Великолѣпныя, подлинно анархическія мысли въ этомъ планѣ были сказаны на судѣ «Чикагскими мучениками» въ 1885 г. — Cписомъ и Парсонсомъ.

«Анархизмъ вовсе не значитъ — говорилъ Списъ — убійства, кражи, поджоги и т. п., а миръ и спокойствіе для всѣхъ». «Война съ учрежденіями, но миръ съ людьми» — говорилъ Парсонсъ. — «Необузданный гнѣвъ противъ тиранновъ и смутное желаніе во что бы то ни стало разрушать и убивать не составляетъ характерныхъ чертъ анархическаго міросозерцанія... Анархизмъ есть полное противоположеніе идеи насилія».

Наоборотъ, на неправильной почвѣ стоитъ «традиціонная анархическая» мысль.
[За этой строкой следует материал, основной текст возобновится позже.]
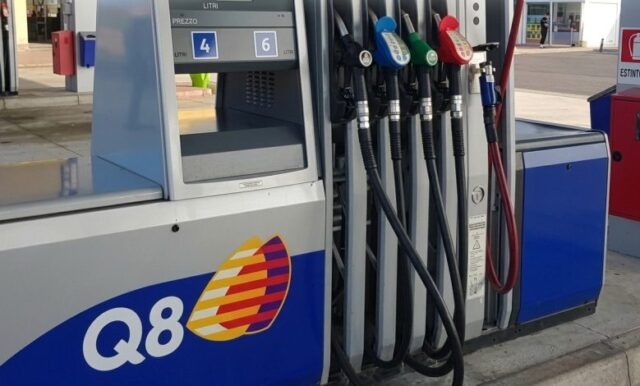 Distributore q8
«Нельзя осуществить свободу безъ разрушенія рабства — читаемъ мы въ «Хлѣбъ и Воля» — а въ дѣлѣ разрушенія, само собою разумѣется, перчатокъ надѣвать не приходится». И мы совершенно согласны съ этимъ утверждениемъ. Конечно, бунтъ, революція, низложеніе цѣлаго порядка не могутъ обойтись безъ насилія и жертвъ. Но мы не можемъ согласиться съ слѣдующимъ за тѣмъ воззваніемъ: «И не нужно бояться народа, не нужно бояться, что крестьянинъ, разъ сорвался съ цѣпи, пойдетъ и слишкомъ далеко, что ему не будетъ удержу. Не надо бояться «лишняго буйства» со стороны народа. По отношенію того класса, который вѣками угнеталъ его, онъ, какъ бы ни старался, не можетъ проявить «лишняго буйства». Какъ бы ни были жестоки въ день революціи угнетенные капиталомъ и властью, угнетатели все-таки останутся у нихъ въ долгу за муки, причиненныя имъ въ продолженіе долгихъ вѣковъ. Не надо бояться всѣхъ этихъ «страховъ».

Это — призывъ къ духу «погромному», который ничего общаго съ анархизмомъ имѣть не можетъ. И, помимо того, что призывъ этотъ напередъ санкціонируетъ любую безпринципность, онъ — безплоденъ именно въ анархическомъ смыслѣ, ибо на мѣсто однихъ угнетателей воспитываетъ другихъ.

Лучшее рѣшеніе проблемы «мести» и именно въ анархическомъ смысле дано Ницше.

«... Активный, наступающій, переступающій границы человѣкъ — писалъ онъ — стоитъ всегда несравненно ближе къ справедливости, чѣмъ реактивный. Для него не необходимо такъ ложно, такъ предубѣжденно отнестись къ своему объекту, какъ это дѣлаетъ или долженъ дѣлать послѣдній... Во всѣ времена агрессивный человѣкъ, какъ болѣе сильный, болѣе спокойный, болѣе благородный, имѣлъ болѣе свободный взоръ и болѣе чистую совѣсть. Наоборотъ, человѣкъ мести на своей совѣсти имѣетъ вымыслы нечистой совѣсти»... И въ другомъ мѣстѣ: «... Въ благородныхъ и сильныхъ людяхъ... большой запасъ пластической, творческой, исцѣляющей, дающей забвеніе силы... Какое глубокое уваженіе питаетъ благородный человѣкъ даже къ своему врагу! А такое уваженіе — вѣдь, мостъ къ любви... Самый врагъ — для него отличіе! Наоборотъ,... человѣкъ, живущій злобой и местью, представляетъ врага себѣ «злымъ» и, сдѣлавъ это своимъ основнымъ убѣжденіемъ, создаетъ себѣ иной, противоположный образъ «добраго»; это — онъ самъ!»

Конечно, это — отвлеченное рѣшеніе проблемы, но оно наполнено именно тѣмъ этическимъ содержаніемъ, которое отвѣчаетъ подлинно свободному міросозерцанію.

Предъявляя чрезвычайно высокую требовательность по отношенію ко всему окружающему, анархистское міросозерцаніе тѣмъ съ большей силой утверждаетъ и обязанности по отношенію къ самому анархизму, анархическій «долгъ», начало отвѣтственности.

Идеалъ, должное — въ анархическомъ міровоззрѣніи занимаютъ доминирующее мѣсто. Должное проникаетъ всѣ частныя построенія анархизма. Анархизмъ, по существу, занятъ болѣе всего этической проблемой.